▶ Provided records
·····
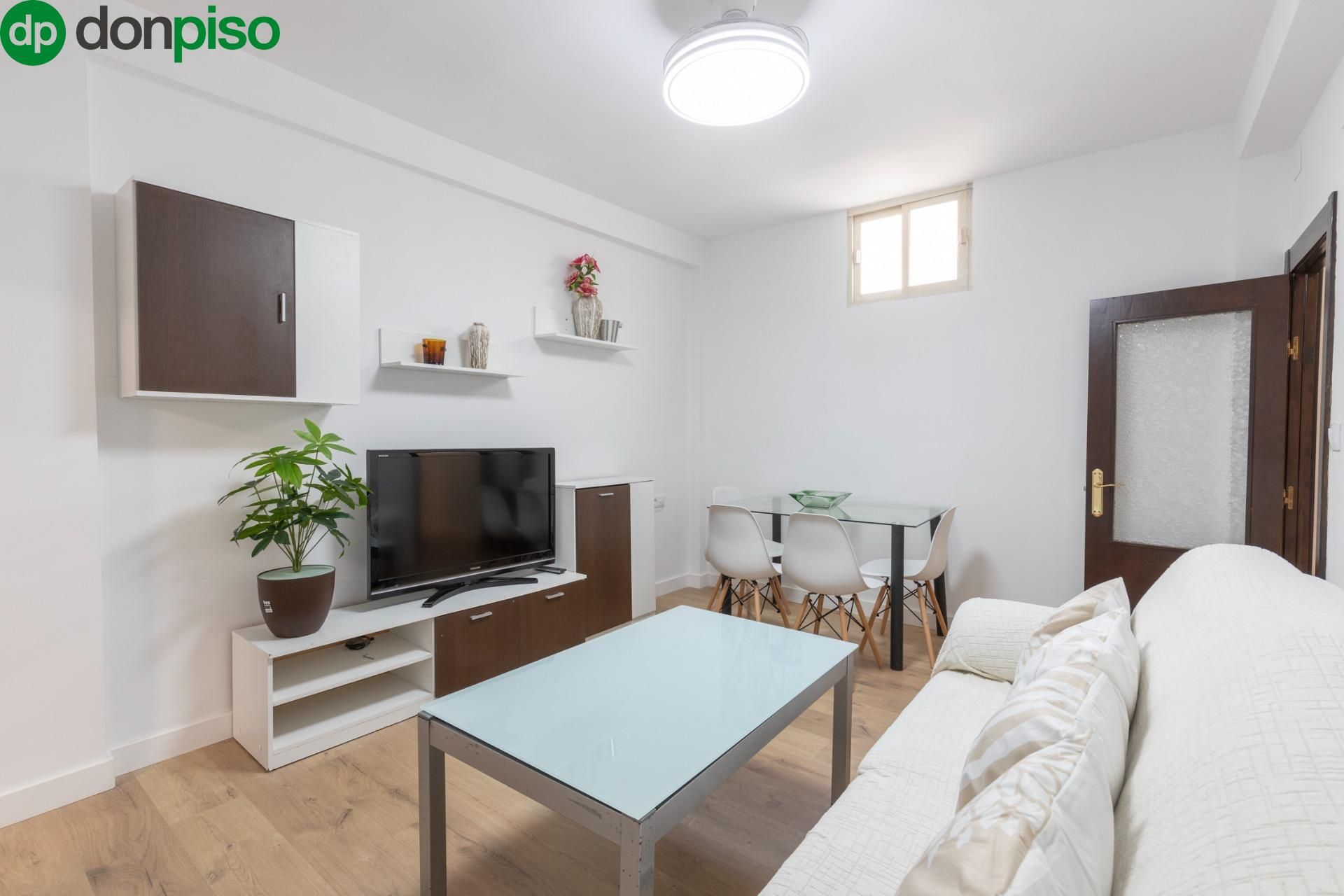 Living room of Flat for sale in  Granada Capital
·····
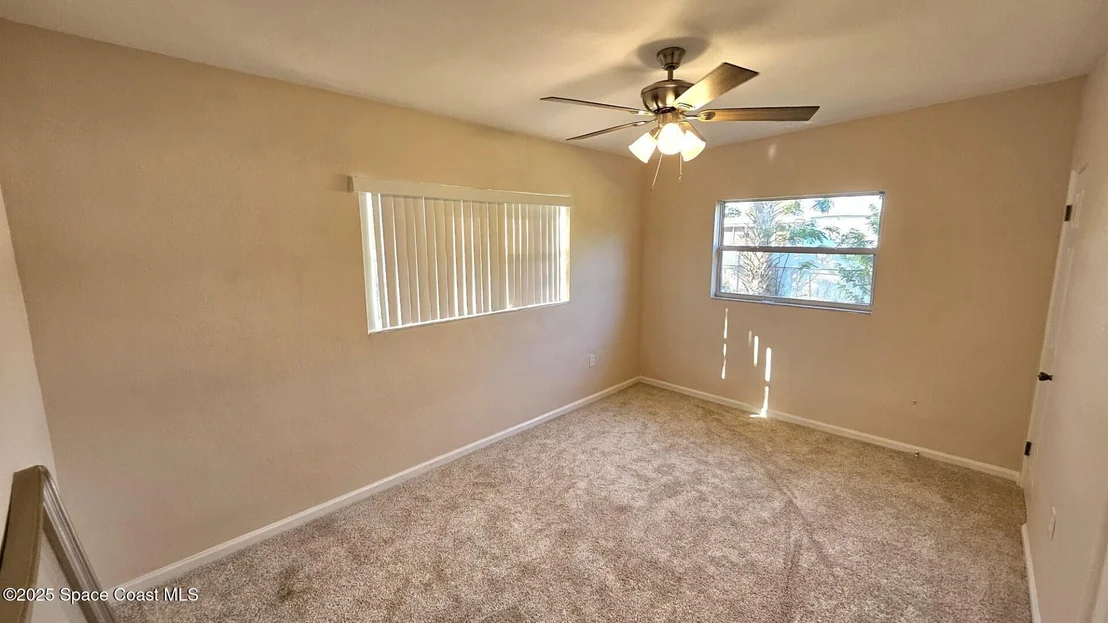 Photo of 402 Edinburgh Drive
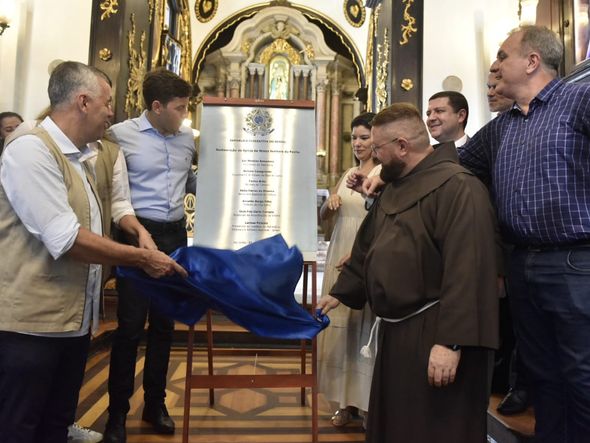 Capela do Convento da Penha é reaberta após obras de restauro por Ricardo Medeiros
·····
▶ Exercise prompt
Reproduce the data above exactly, but only from the line containing "Photo of 402 Edinburgh Drive" through the line containing "Capela do Convento"; skip the pictures.

▶ Written response
 Photo of 402 Edinburgh Drive
 Capela do Convento da Penha é reaberta após obras de restauro por Ricardo Medeiros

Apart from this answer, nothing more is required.